═══ Recorded information ═══

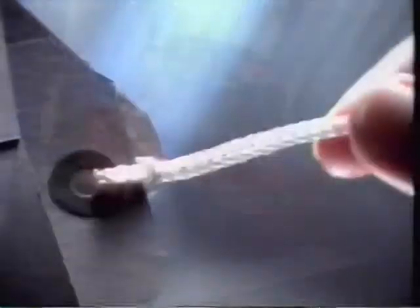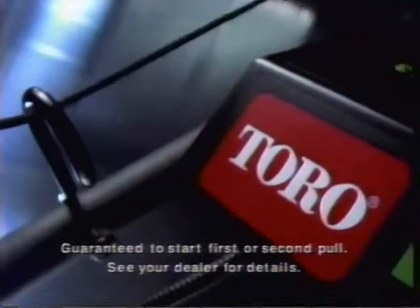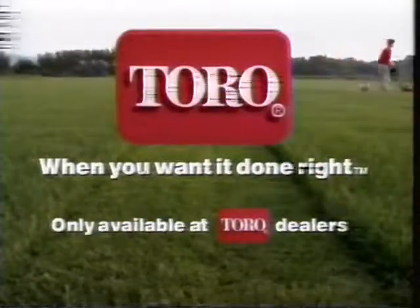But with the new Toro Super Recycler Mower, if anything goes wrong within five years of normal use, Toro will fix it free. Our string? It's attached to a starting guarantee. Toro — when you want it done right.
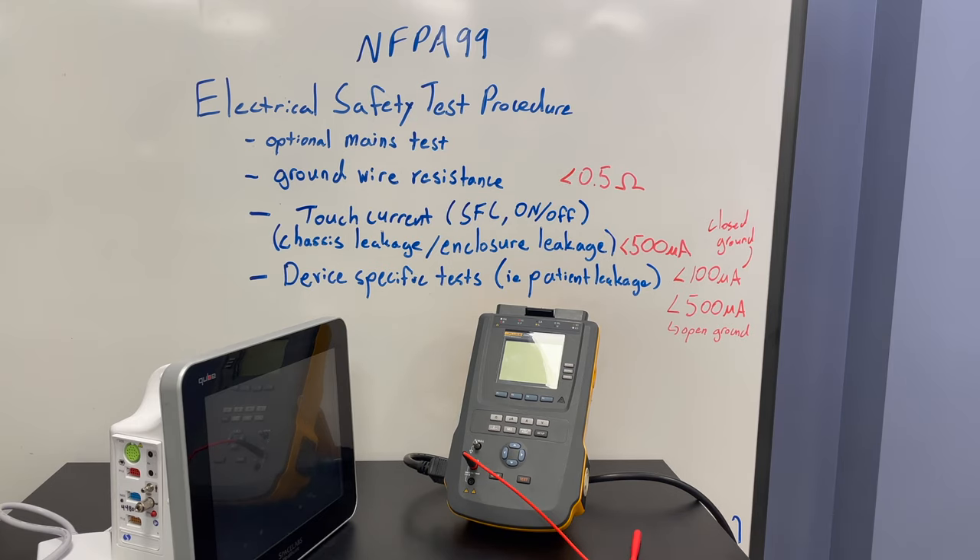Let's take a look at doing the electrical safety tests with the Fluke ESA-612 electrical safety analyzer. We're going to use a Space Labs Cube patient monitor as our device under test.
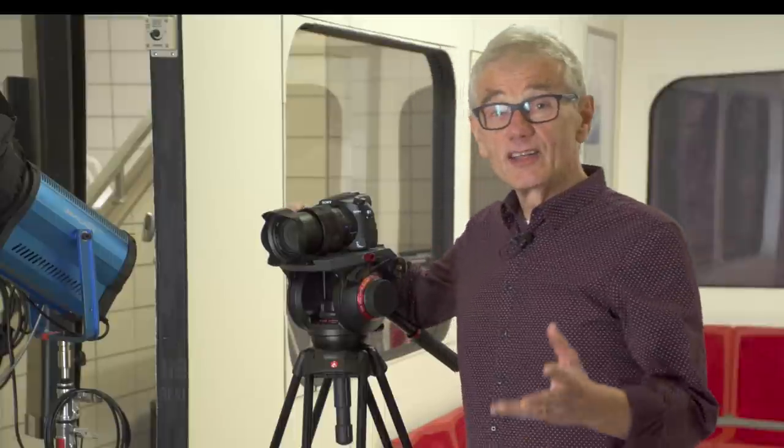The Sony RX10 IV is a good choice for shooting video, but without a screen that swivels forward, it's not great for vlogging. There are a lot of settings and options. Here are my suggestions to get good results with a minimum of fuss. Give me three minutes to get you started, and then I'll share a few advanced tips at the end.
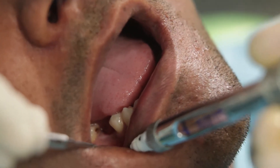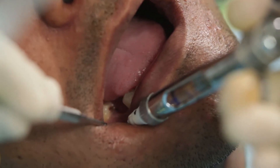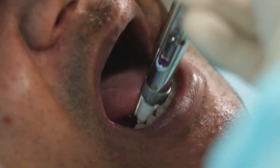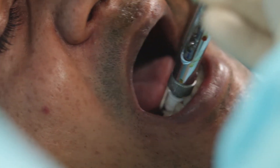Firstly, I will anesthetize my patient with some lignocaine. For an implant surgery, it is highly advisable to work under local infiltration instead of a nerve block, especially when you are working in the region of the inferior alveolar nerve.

═══

What to produce: Your answer must be the exact lines from the start of the data through the line with "Let's take a", inclusive, and nothing else; pictures do not belong in it.

Result of this task:
But with the new Toro Super Recycler Mower, if anything goes wrong within five years of normal use, Toro will fix it free. Our string? It's attached to a starting guarantee. Toro — when you want it done right.
Let's take a look at doing the electrical safety tests with the Fluke ESA-612 electrical safety analyzer. We're going to use a Space Labs Cube patient monitor as our device under test.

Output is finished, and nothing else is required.